Philip DID turn out to be beautiful. And perfect in every way, except for the fact that he wanted to kill any dog that he didn't live with. But that wasn't too big a deal in my house because at that point we were starting to retreat from other dogs anyway, and when we were around other dogs - he could be managed.
This was how he preferred to spend all his time - laying with his head on my belly. I wrote quite a few posts about him when I had him back in 2004 - when I first got him I wrote about that - I changed his name from "Molson", which was his name at the shelter.
And then when he found his forever home up in Berwick - I wrote about that too.
But today I got that horrible email that Philip/Brodie is no longer with us. His body had given out on him. He might have come from an earlier litter than Charlie and Leonard - and they are both going to be 10 years old this year - so he could have been 12 or 13 years old - the back yard breeder they came from had a lot of litters with her dogs - but still, 12 or 13 isn't old. But the life Brodie lived was horrible until he came to live with me and then his new family. And that's what did him in so early. Being abandoned to a backyard, waiting for someone to come out the back door and take you inside slowly kills a dog inside - and I'm sure it shortens any sentient beings life.

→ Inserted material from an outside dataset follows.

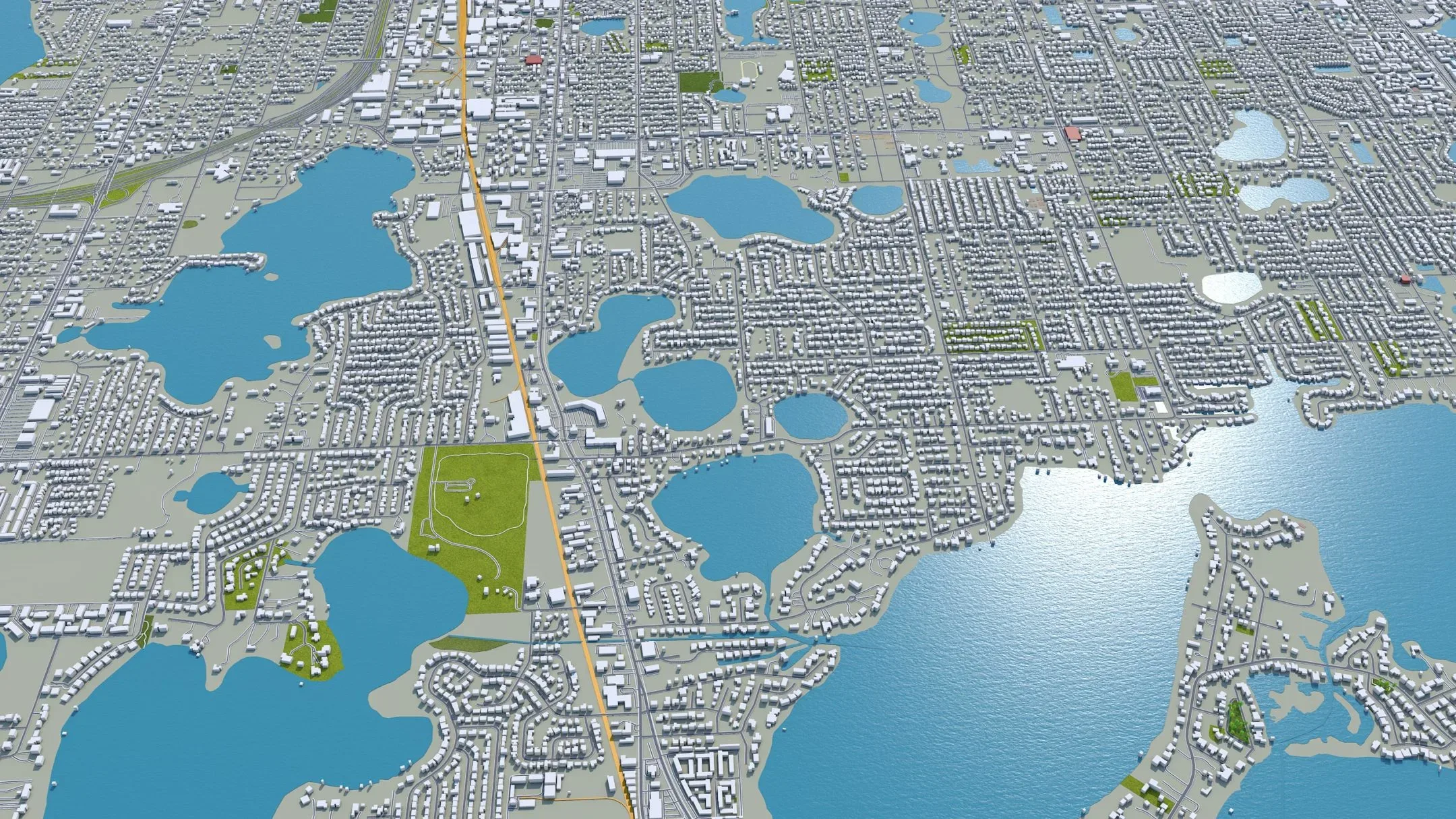 Orlando City florida 3D model 80 KM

The vet who was treating Brodie figured that he was 17 or 18 years old, and I know for a fact that there was no way he could've been that old - but I also know for a fact that the life he lived prior to going to the Dartmouth SPCA is a life that can make a dogs body seem that old. It's another reason why chaining dogs outside for years at a time is so absolutely wrong.
Philip/Brodie died too young, I'm very sorry I didn't get to say good-bye to him. He's the first dog I haven't gotten to say good-bye to that I've had a hand in finding a better life. I guess there's only so much you can write into an adoption contract.